• **Problem details**
Any image in the records is to be dropped, and everything else duplicated precisely.

• **Supplied records**
====

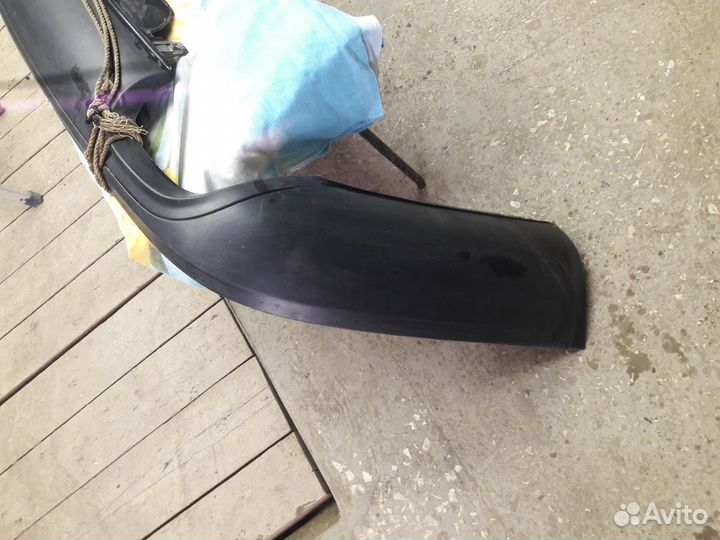 Фартук заднего бампера на Пассат В6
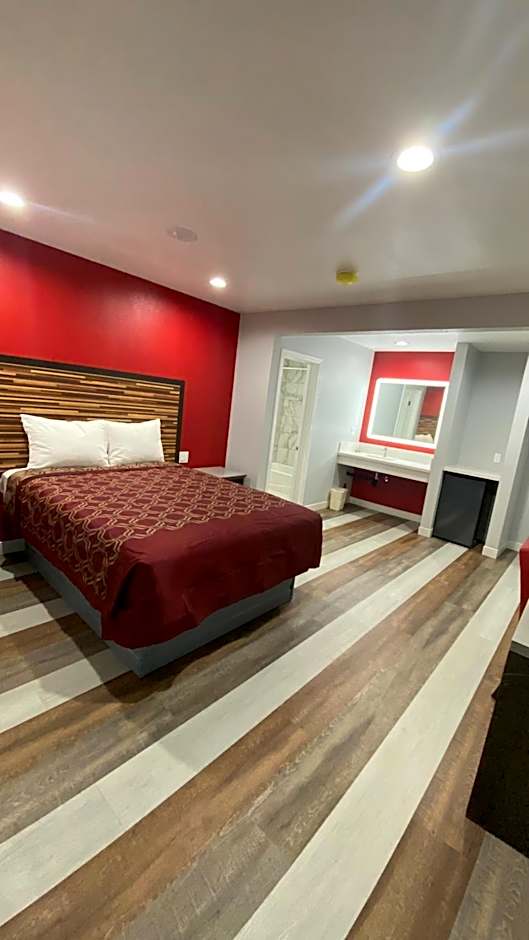Plaza Inn Motel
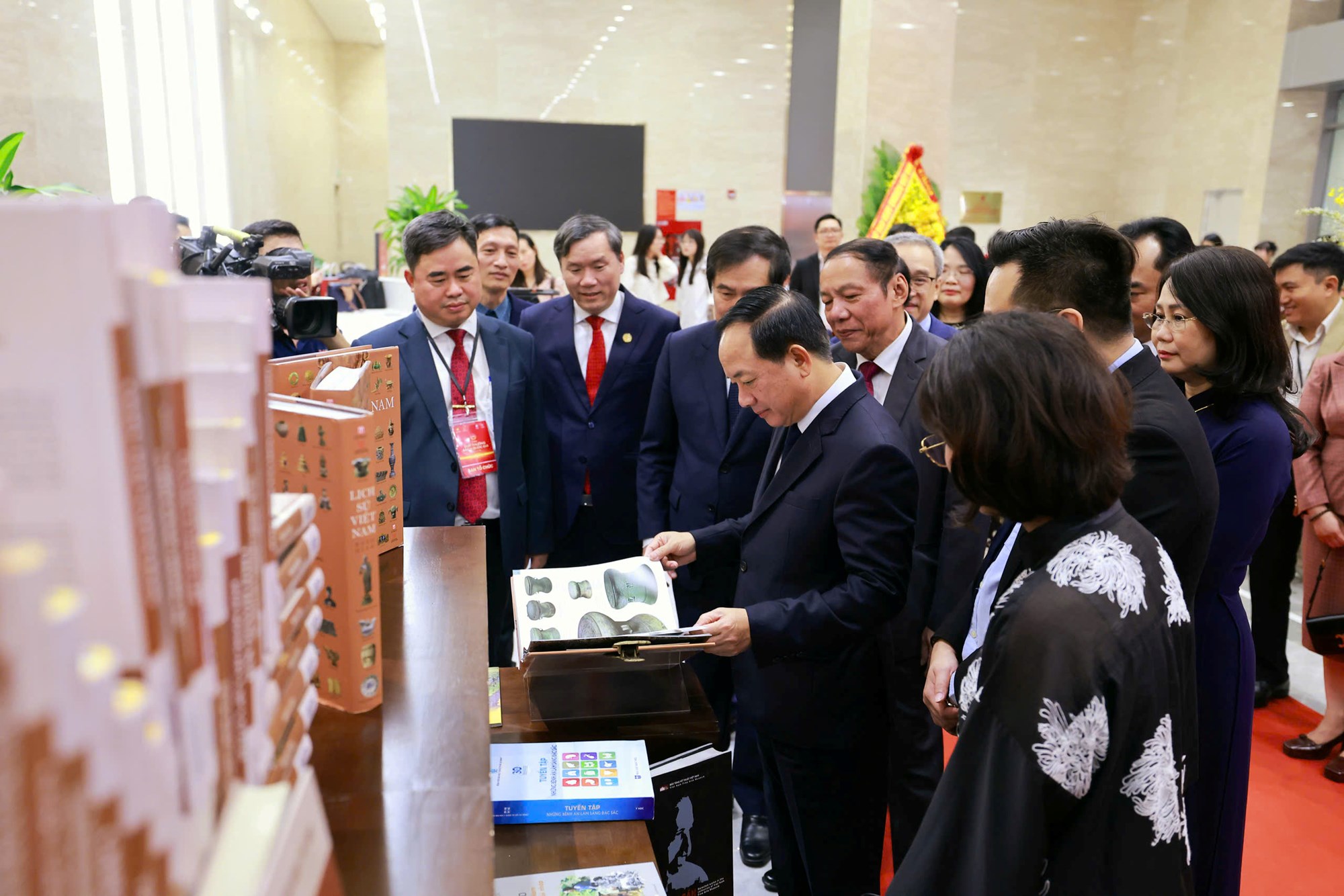 Bài phát biểu của đồng chí Trịnh Văn Quyết, Ủy viên Bộ Chính trị, Bí thư Trung ương Đảng, Trưởng Ban Tuyên giáo và Dân vận Trung ương tại Lễ trao Giải thưởng Sách quốc gia lần thứ VIII - ảnh 2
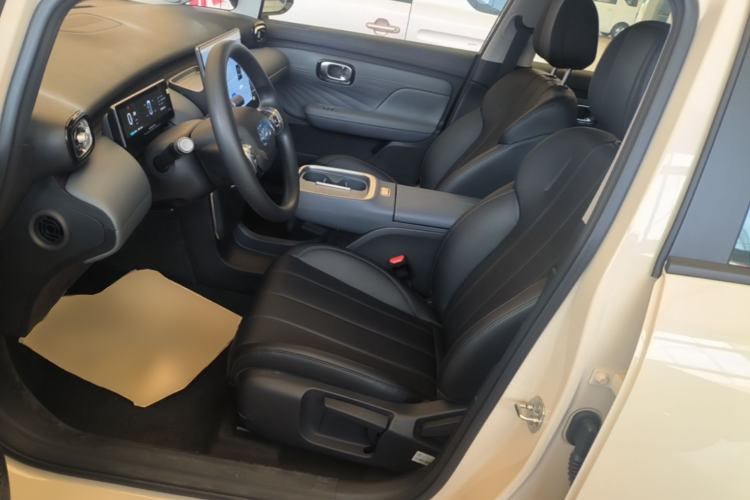 Used AION UT 2025 420 Smart Edition Left Front Seat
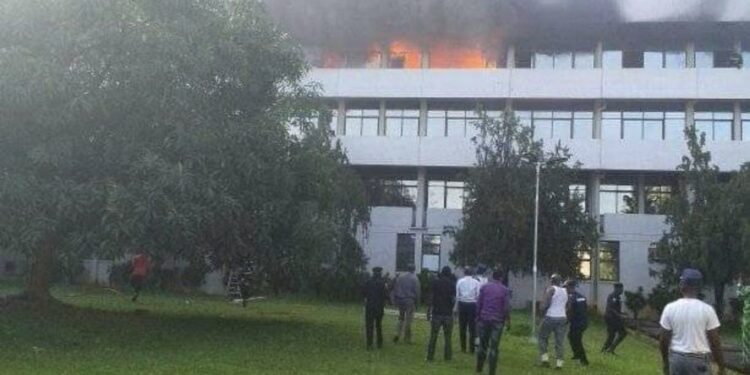 BREAKING: Fire Razes Supreme Court Building In Abuja [Video]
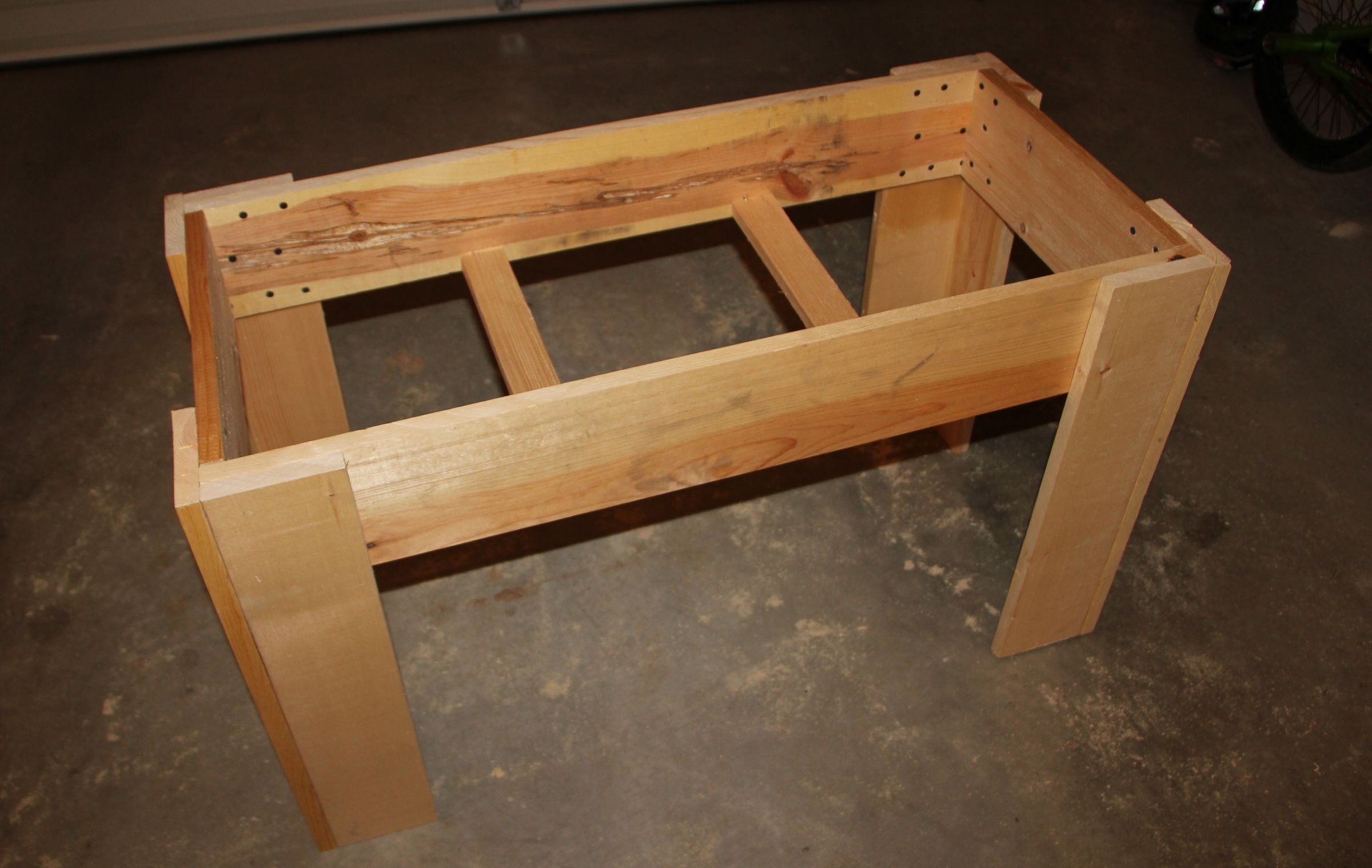 DIY Wooden Frame Water Table : 6 Steps (with Pictures) - Instructables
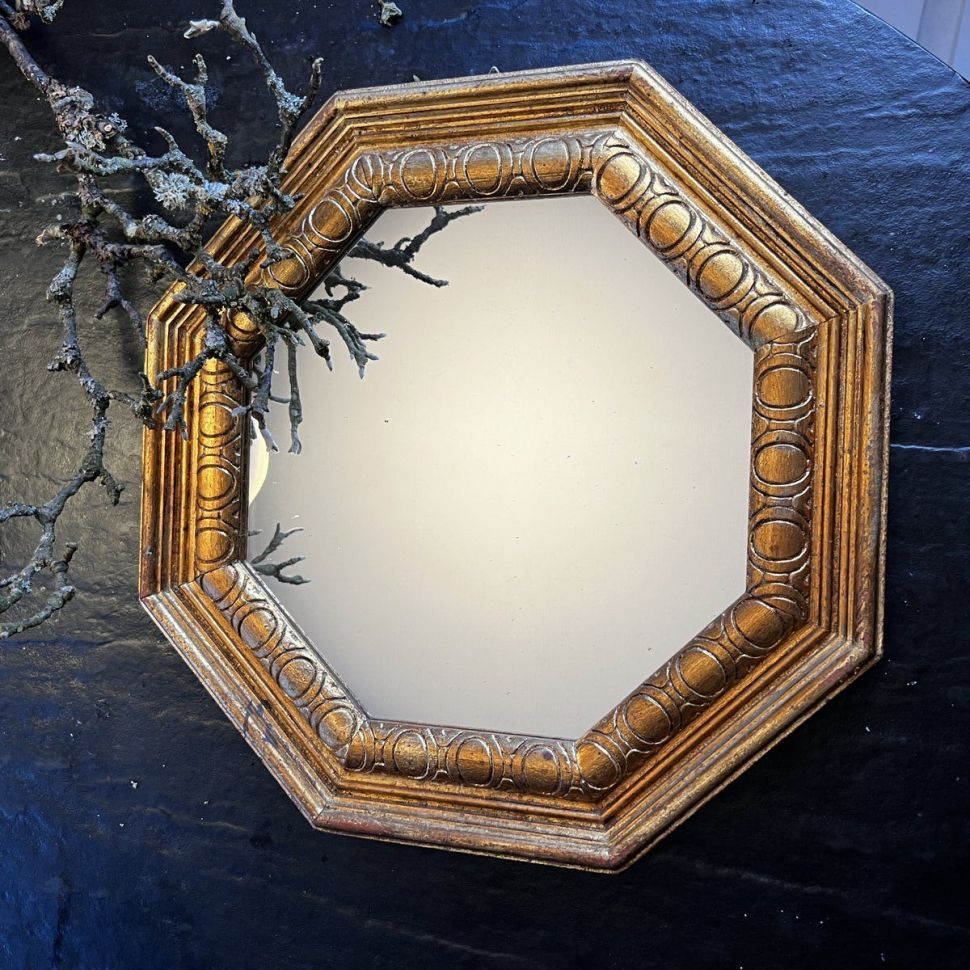 Зеркало восьмигранное в деревянной раме 39 см Италия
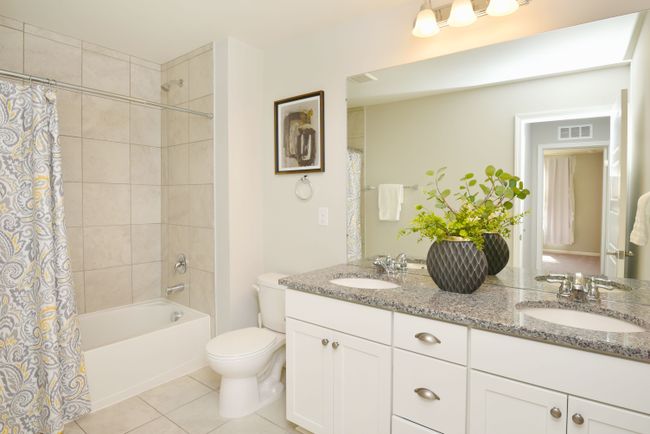 31010 Tremont Ln, House other with 3 bedrooms, 3 bathrooms and null parking in Franklin MI | Image 18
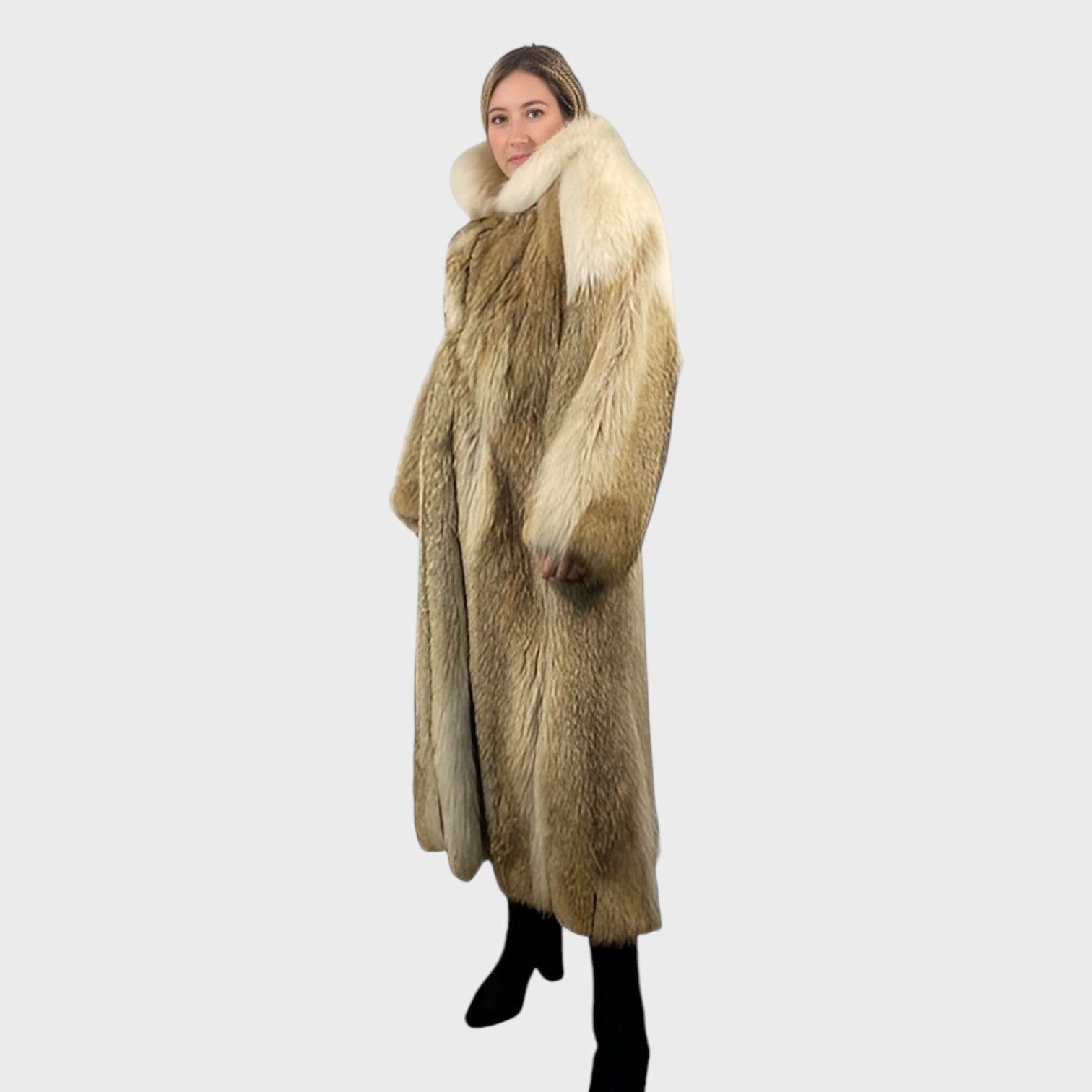 WOMEN'S COYOTE COAT AND SHADOW FOX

====

• **Response area**
 Фартук заднего бампера на Пассат В6
Plaza Inn Motel
 Bài phát biểu của đồng chí Trịnh Văn Quyết, Ủy viên Bộ Chính trị, Bí thư Trung ương Đảng, Trưởng Ban Tuyên giáo và Dân vận Trung ương tại Lễ trao Giải thưởng Sách quốc gia lần thứ VIII - ảnh 2
 Used AION UT 2025 420 Smart Edition Left Front Seat
 BREAKING: Fire Razes Supreme Court Building In Abuja [Video]
 DIY Wooden Frame Water Table : 6 Steps (with Pictures) - Instructables
 Зеркало восьмигранное в деревянной раме 39 см Италия
 31010 Tremont Ln, House other with 3 bedrooms, 3 bathrooms and null parking in Franklin MI | Image 18
 WOMEN'S COYOTE COAT AND SHADOW FOX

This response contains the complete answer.